Almost a third of new nurses leave north for jobs
A NURSING leader has warned of "unsafe staffing" if large numbers of newly-qualified nurses continue to be forced to leave Northern Ireland.
Janice Smyth, director of the Royal College of Nursing, said health trusts in Britain are "only too delighted" to recruit highly-skilled staff who cannot find permanent posts at home.
A major Department of Health report on the north's nursing workforce for the next 10 years, which has been seen by The Irish News, reveals the extent of the brain drain.
The document, "Workforce Plan for Nursing and Midwifery in Northern Ireland, 2015 - 2025", says 21 per cent of Queen's University nursing graduates left the north in 2011/12 compared with just 10 per cent in 2009/10.
Ulster University had no official figures but suggested that around seven per cent of its graduates left.
However, Ms Smyth said the figures are dated and she is in "no doubt" that almost a third of newly-qualified staff are choosing to work elsewhere.
Lucrative 'golden hello' packages, similar to those used to recruit doctors and teachers, aim to entice nursing graduates to relocate, with advertisements appearing for posts in England, Wales, Guernsey and the Republic in the past fortnight.
Countries such as America and Canada also offer "fast tracked residency" such as green cards to attract nursing staff.
While the north's five health trusts are currently offering work for 'bank' nursing staff, these are temporary posts.
It costs around £33,000 to train a nurse, with degree courses offered at Queen's University Belfast and the Ulster University.

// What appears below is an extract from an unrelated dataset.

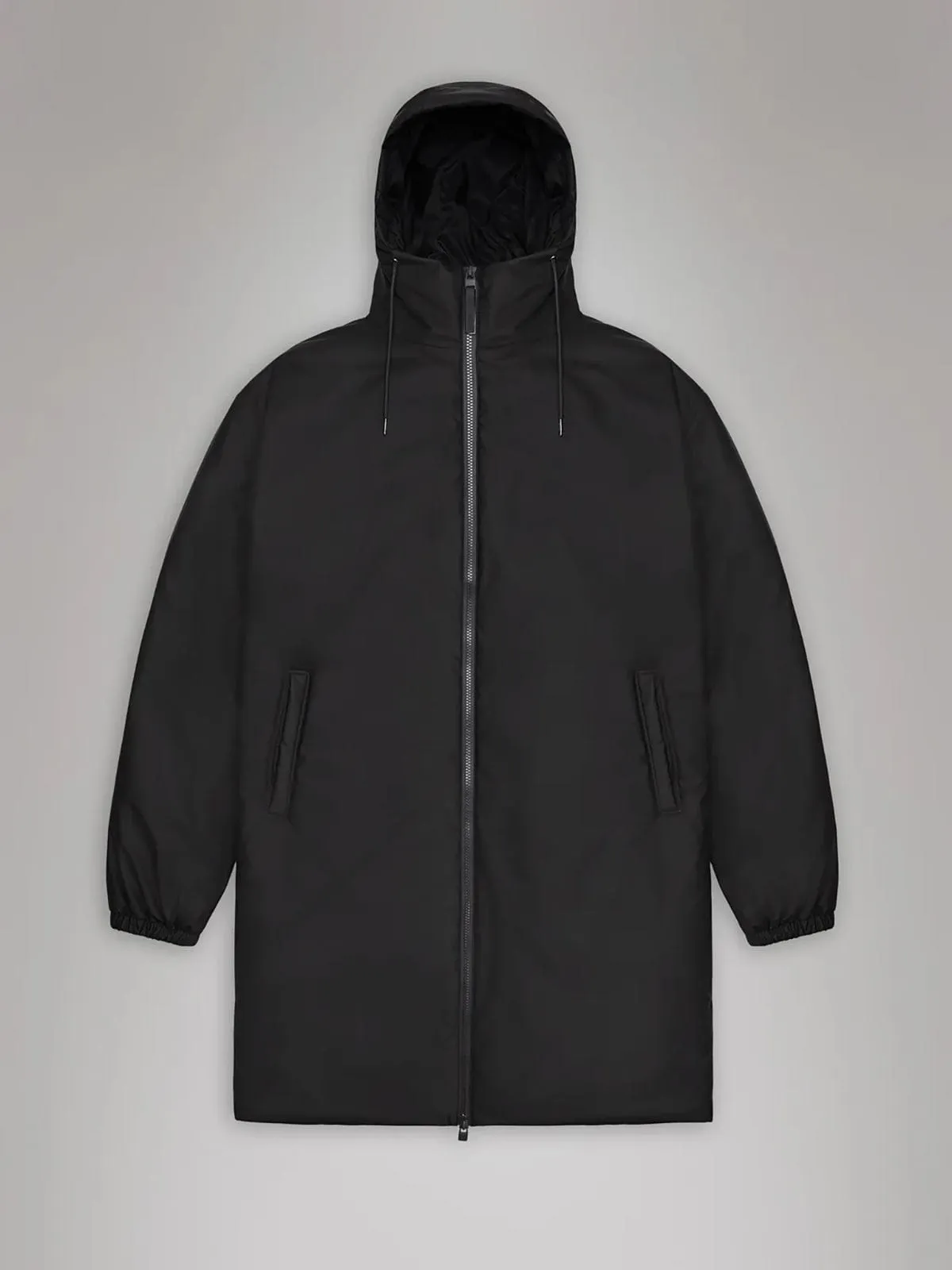 Lohja Longer Insulated Jacket - Black sold by iris product image thumbnail 3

However, training places have been severely hit by cuts, with 650 nurses studying this year compared with 730 in 2008/09.
In March, it emerged that £50 million has been spent on hiring agency nurses over the past five years due to staff shortages - many of them coming from abroad.
Ms Smyth said: "This heavy reliance on bank staff is a result of cost-saving measures and permanent posts being frozen in health trusts - with financial management dictating how nurses are employed and deployed."
She warned of the long-term consequences of a depleted permanent workforce.
"Nurses are voting with their feet as the inability to secure a permanent job has real implications in terms of career aspirations and training. It also affects them financially as they can't even get a mortgage if they doing temporary bank work," she said.
"If the number of newly qualified staff continue to leave at this rate it will lead to unsafe staffing - there will not be enough nurses to care for the people of Northern Ireland."
Meanwhile, the Chief Nursing Officer for Northern Ireland, Charlotte McArdle, said health trusts had been asked to reduce their reliance on temporary staff and fill empty jobs - to make the service "safer".
She admitted that Northern Ireland was losing between 20 to 22 per cent of graduates mainly to London hospitals - who were "aggressively recruiting at our open days".
Ms McArdle added: "I am concerned that we are losing some of these highly trained and skilled professionals because they have not been able to secure permanent posts and not because they want to travel.
"Some of the recommendations in the workforce review seek to address that by working to make Northern Ireland an employer of choice.
"Trusts need to work hard at securing our nursing graduates by offering them their speciality of choice where possible, flexible working and good perceptorship. This has begun in some trusts already."